*** Data segment Section Begins ***

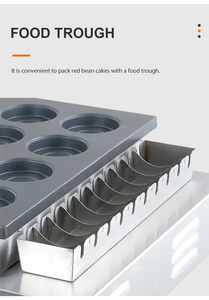 Electric Commercial Japanese <strong>Cake</strong> and Red Beans Machine Wafflea <strong>Maker</strong> - Product Image 2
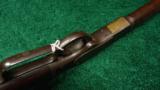 LONG BARRELED WINCHESTER 1873 RIFLE - 3 of 11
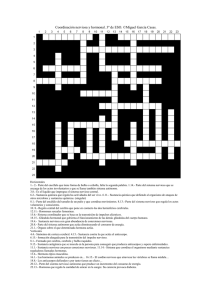 Coordinación nerviosa y hormonal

*** Data segment Section Ends ***

Work task:
Omitting all pictures, retype exactly the lines from the line containing "LONG BARRELED WINCHESTER" down to the last line above, both ends included.

Output below:
 LONG BARRELED WINCHESTER 1873 RIFLE - 3 of 11
 Coordinación nerviosa y hormonal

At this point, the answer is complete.